→ Work request
Omit the pictures and return every entry exactly as written.

Start of Given data

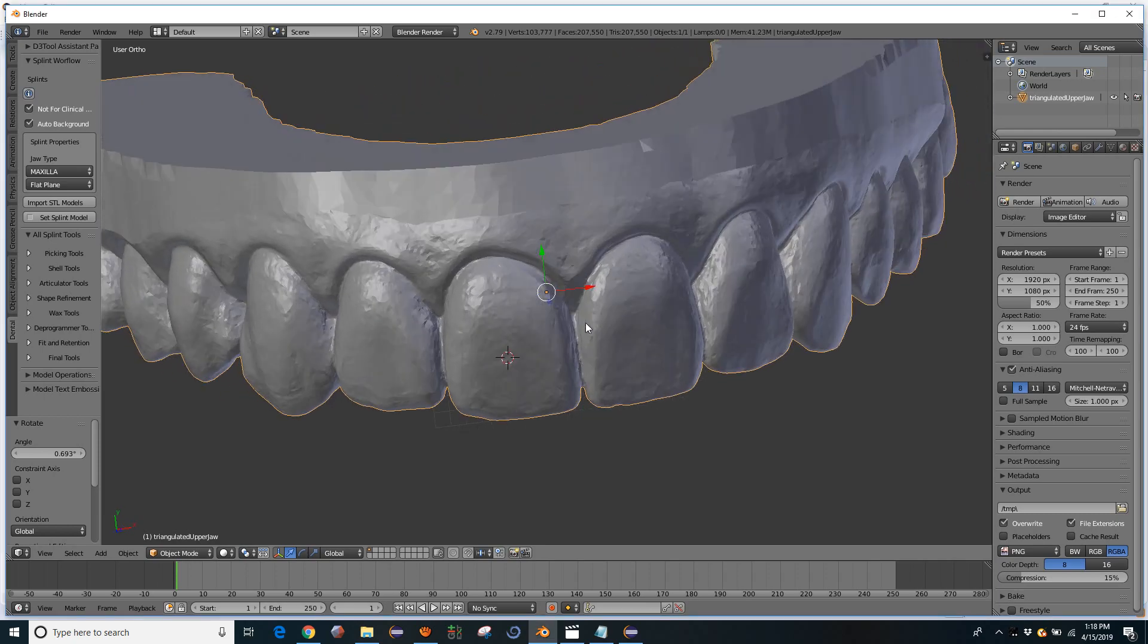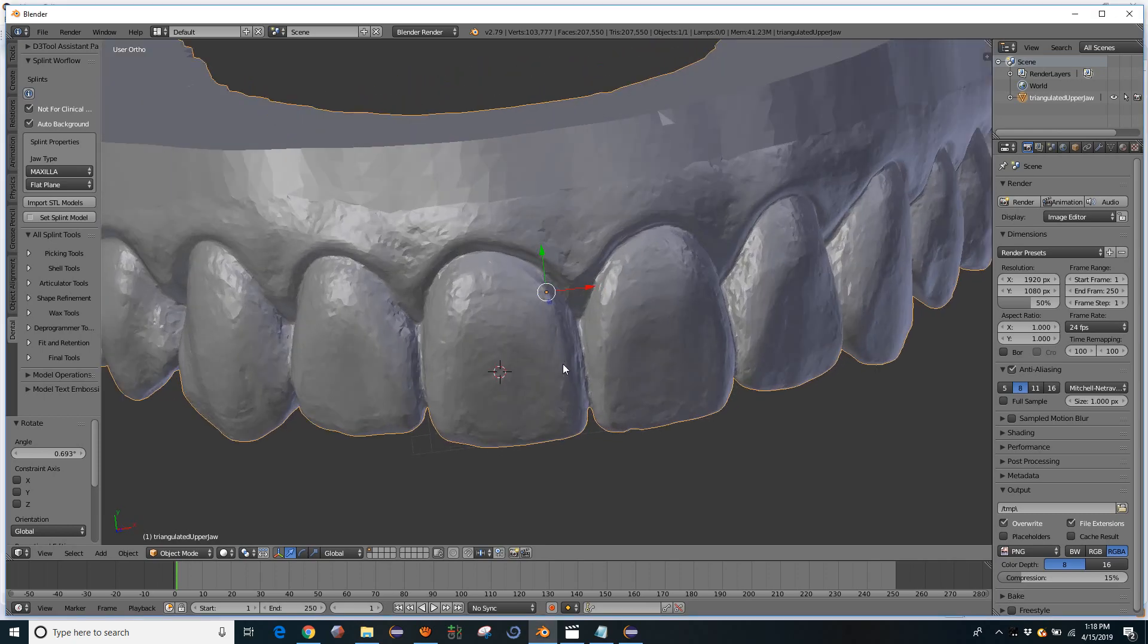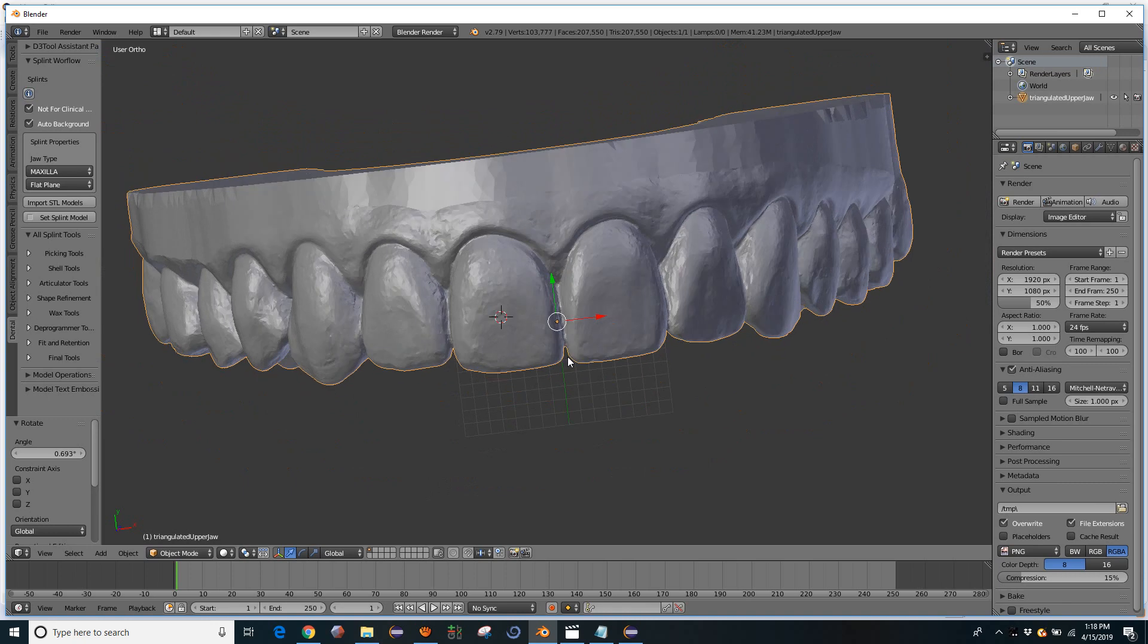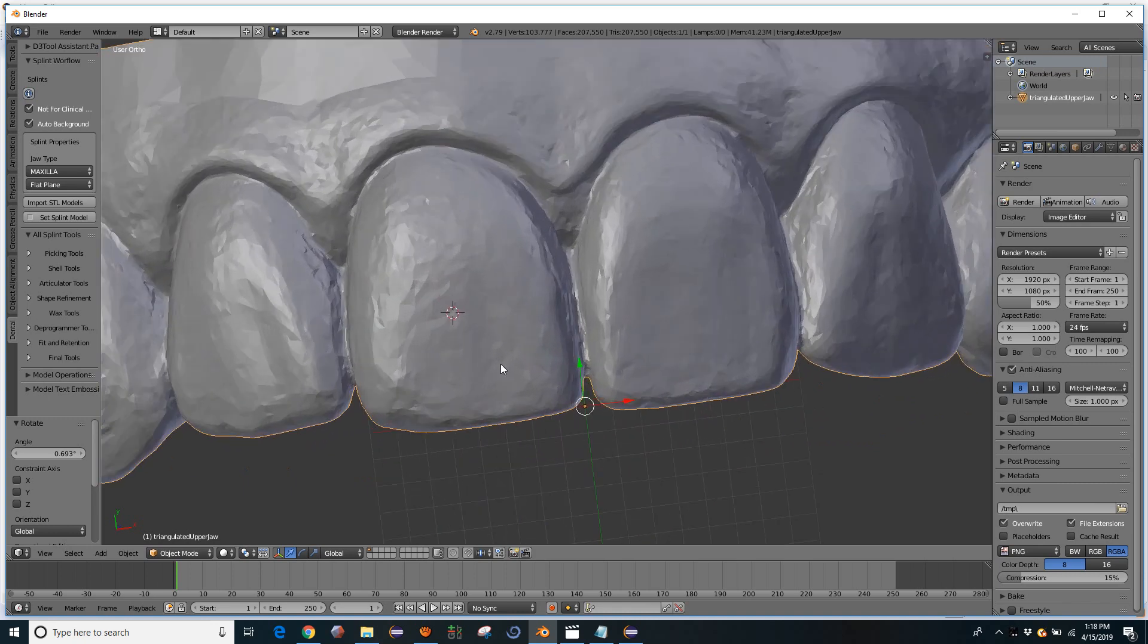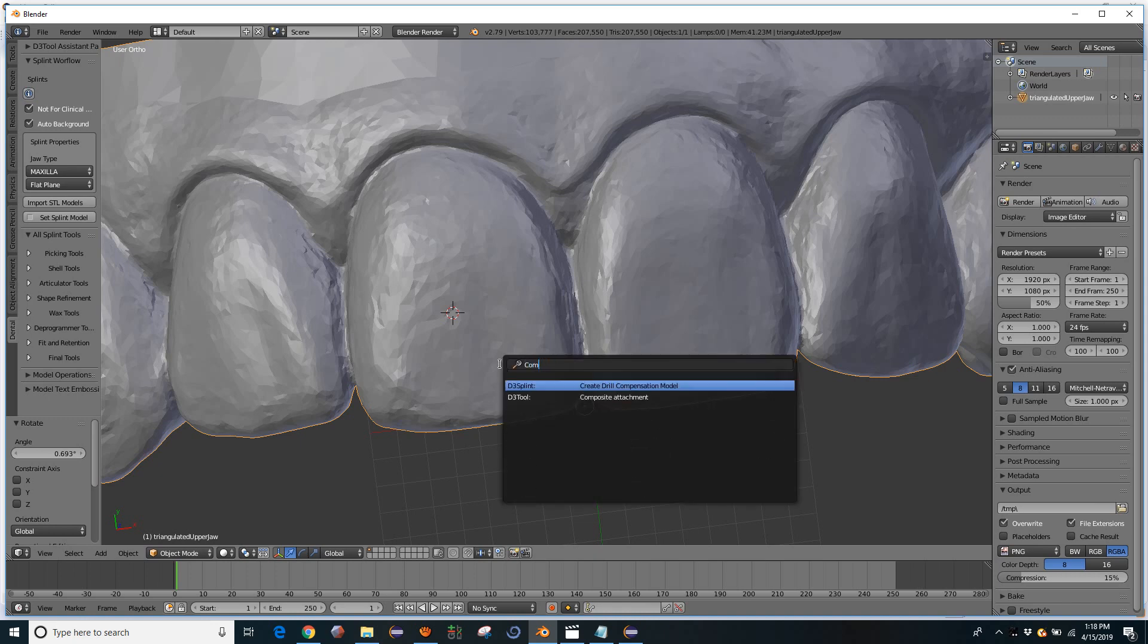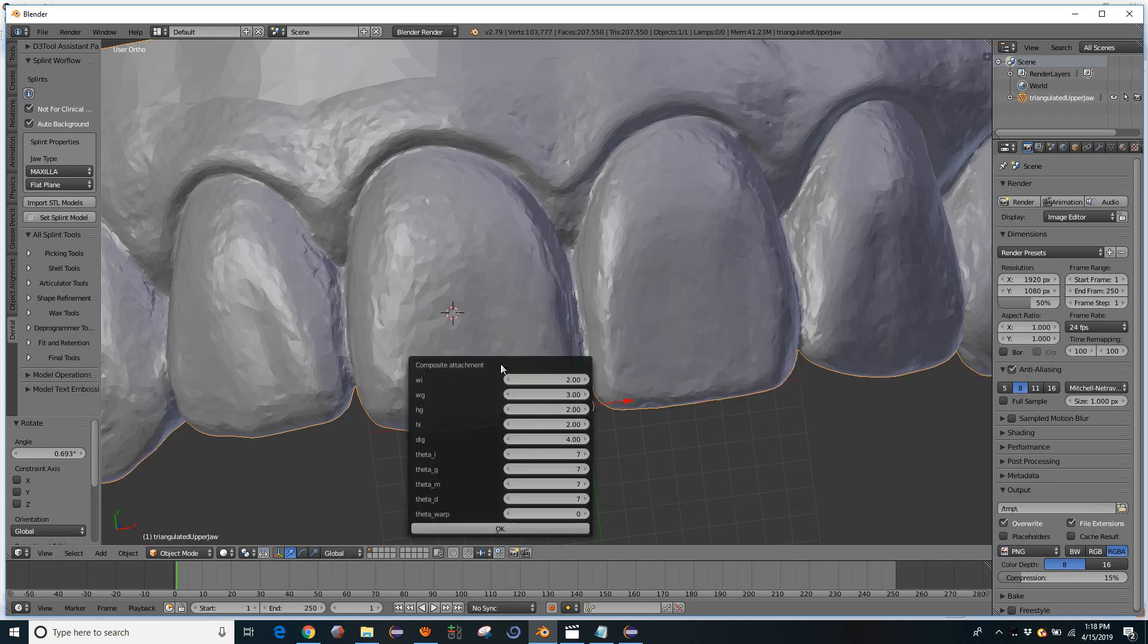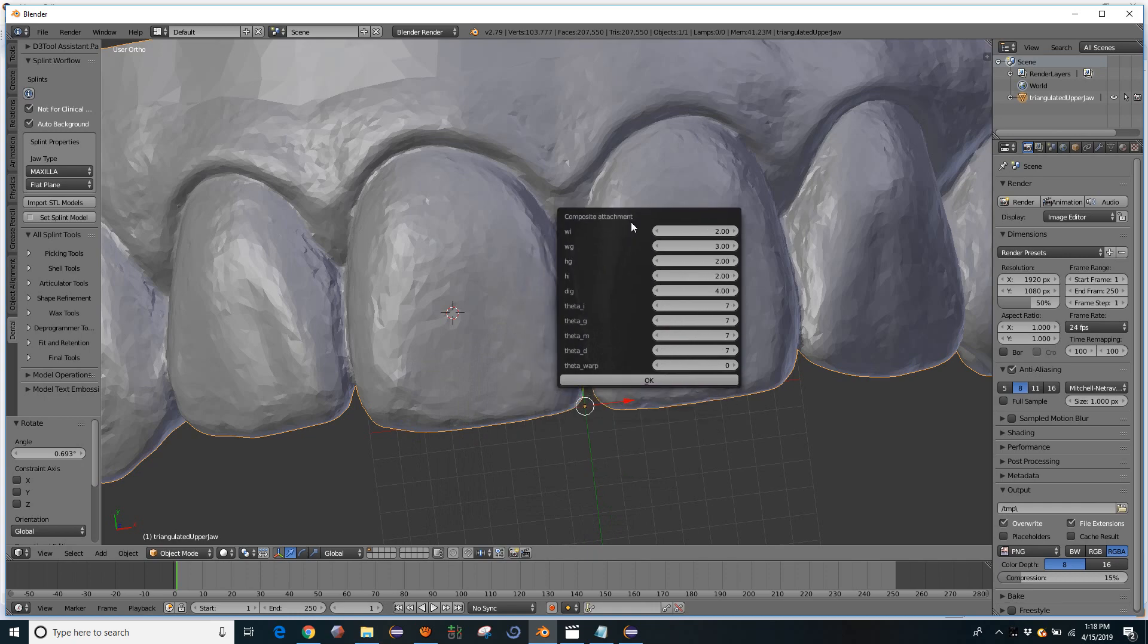I wanted to make a quick video about joining objects in Blender. At the same time, I exposed a little hidden Easter Egg that is tucked away in D3 Splint. It's called a composite attachment. It's basically a rectangular prism that you can then adjust a lot of the parameters on.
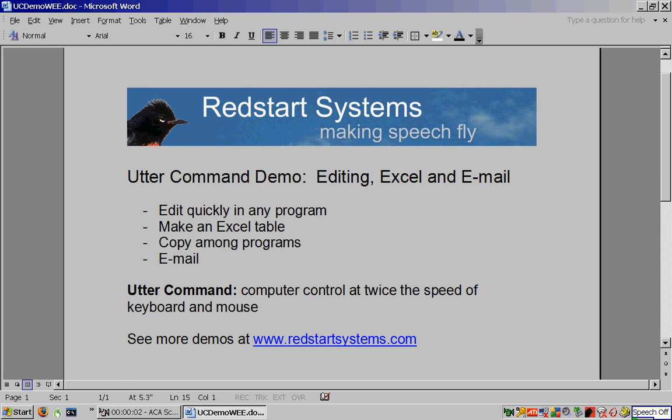In this Utter Command demo, editing, Excel, and email, I'll show you how to edit quickly in any program, make an Excel table, copy among programs, and email.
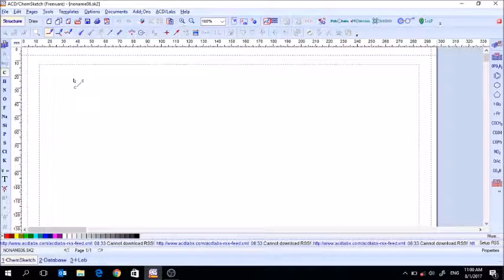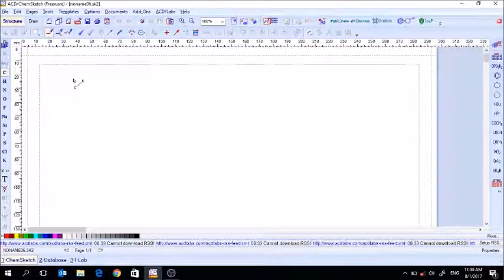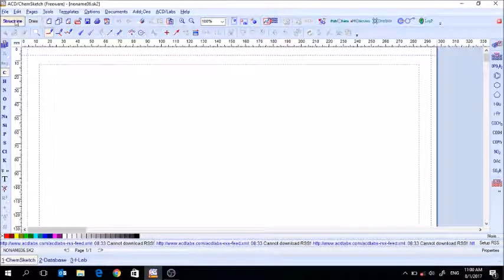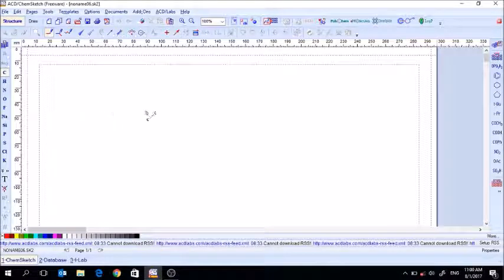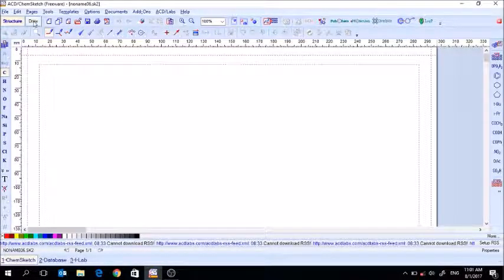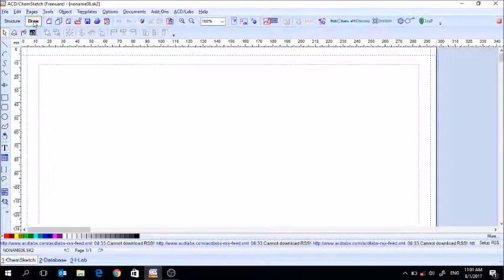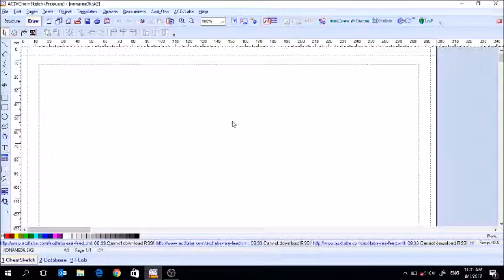There are two drawing modes in ChemSketch. The first one, at the top left, is structure mode, and then you have draw mode. Structure mode is just like it sounds — it's the one you use to draw your chemical structures. Draw mode is the mode you use to add graphics and other things to your drawing.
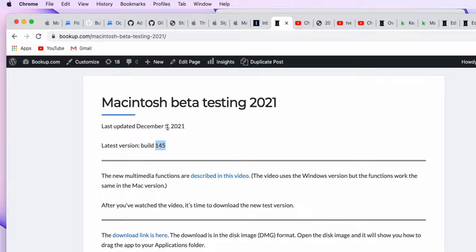It was released December 5th, which is today, Sunday. And it fixes a problem with Build 143, but you've already installed Build 143. How do you get Build 143 out of the way so you can install Build 145?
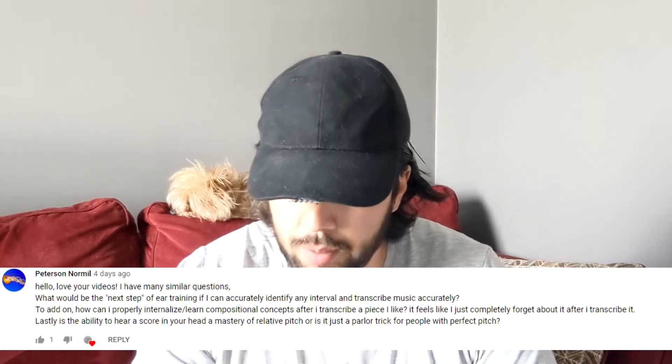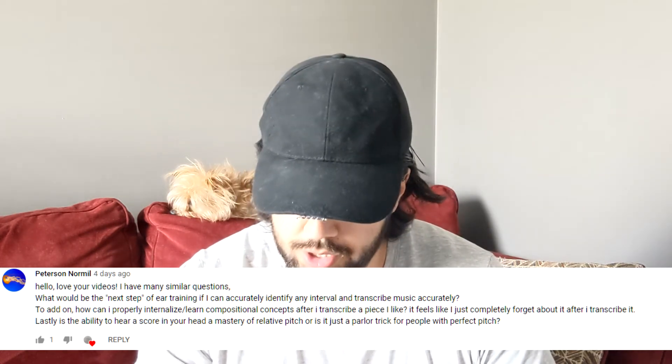The next question is from Peterson Normil. They say: what would be the next step of ear training if I can accurately identify any interval and transcribe music accurately? How can I properly internalize or learn compositional concepts after I transcribe a piece that I like? It feels like I just completely forget about it after I transcribe it. And lastly, is the ability to hear a score in your head a mastery of relative pitch, or is it just a parlor trick for people with perfect pitch? Congrats on being able to identify intervals and transcribe music accurately — that's incredible and still something I'm working on. In terms of how to properly internalize compositional concepts after transcribing a piece, it just comes down to using it.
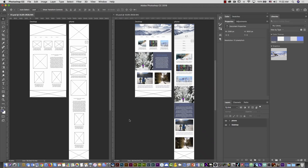Hello guys, in this video I'm going to show you how to convert a mockup of a website created in Photoshop into HTML and CSS using Dreamweaver 2019. Let's start.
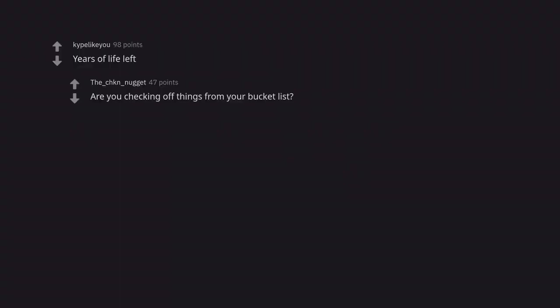Years of life left. Are you checking off things from your bucket list? Fucks given.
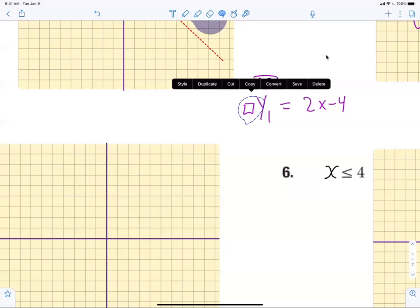If there's a problem with your graph, it has nothing to do with the calculator — it's always user error. I think everybody here can type in 2x plus 4. Zoom Standard gets you back to a 10 by 10 screen. We were messing with the screen before and changed it, so if there's ever a problem just hit Zoom Standard and it puts it back to a 10 by 10 screen.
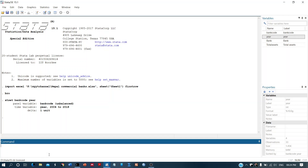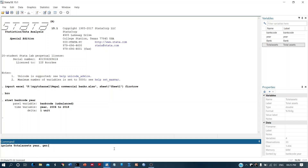Now we will do the linear interpolation to fill the missing values. The command is `ipolate`. We type the variable we want to interpolate, which is `total_assets`, then the time variable `year`, then a comma, and then we use `gen` to generate a new variable where the filled values will be stored. We will name it `ta_epolate`.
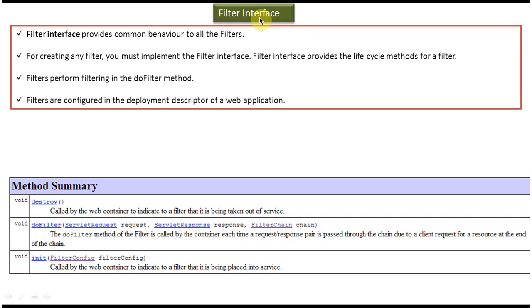This filter interface provides lifecycle methods for the filter. There are three lifecycle methods provided by the filter interface. The first one is init.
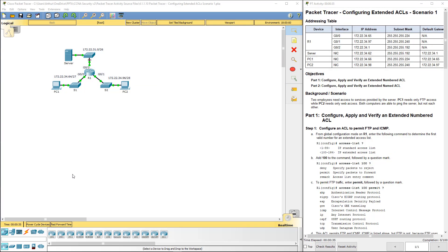Welcome to my Cisco CCNA security lab review. We're doing lab 4110, which is configuring an extended ACL scenario one. Again, I have this off my screen. Go ahead and read through the objective in the background. Let's go ahead and get started.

End of Given data

→ Response to this exercise
I wanted to make a quick video about joining objects in Blender. At the same time, I exposed a little hidden Easter Egg that is tucked away in D3 Splint. It's called a composite attachment. It's basically a rectangular prism that you can then adjust a lot of the parameters on.
In this Utter Command demo, editing, Excel, and email, I'll show you how to edit quickly in any program, make an Excel table, copy among programs, and email.
There are two drawing modes in ChemSketch. The first one, at the top left, is structure mode, and then you have draw mode. Structure mode is just like it sounds — it's the one you use to draw your chemical structures. Draw mode is the mode you use to add graphics and other things to your drawing.
It was released December 5th, which is today, Sunday. And it fixes a problem with Build 143, but you've already installed Build 143. How do you get Build 143 out of the way so you can install Build 145?
The next question is from Peterson Normil. They say: what would be the next step of ear training if I can accurately identify any interval and transcribe music accurately? How can I properly internalize or learn compositional concepts after I transcribe a piece that I like? It feels like I just completely forget about it after I transcribe it. And lastly, is the ability to hear a score in your head a mastery of relative pitch, or is it just a parlor trick for people with perfect pitch? Congrats on being able to identify intervals and transcribe music accurately — that's incredible and still something I'm working on. In terms of how to properly internalize compositional concepts after transcribing a piece, it just comes down to using it.
Hello guys, in this video I'm going to show you how to convert a mockup of a website created in Photoshop into HTML and CSS using Dreamweaver 2019. Let's start.
Years of life left. Are you checking off things from your bucket list? Fucks given.
If there's a problem with your graph, it has nothing to do with the calculator — it's always user error. I think everybody here can type in 2x plus 4. Zoom Standard gets you back to a 10 by 10 screen. We were messing with the screen before and changed it, so if there's ever a problem just hit Zoom Standard and it puts it back to a 10 by 10 screen.
Now we will do the linear interpolation to fill the missing values. The command is `ipolate`. We type the variable we want to interpolate, which is `total_assets`, then the time variable `year`, then a comma, and then we use `gen` to generate a new variable where the filled values will be stored. We will name it `ta_epolate`.
This filter interface provides lifecycle methods for the filter. There are three lifecycle methods provided by the filter interface. The first one is init.
Welcome to my Cisco CCNA security lab review. We're doing lab 4110, which is configuring an extended ACL scenario one. Again, I have this off my screen. Go ahead and read through the objective in the background. Let's go ahead and get started.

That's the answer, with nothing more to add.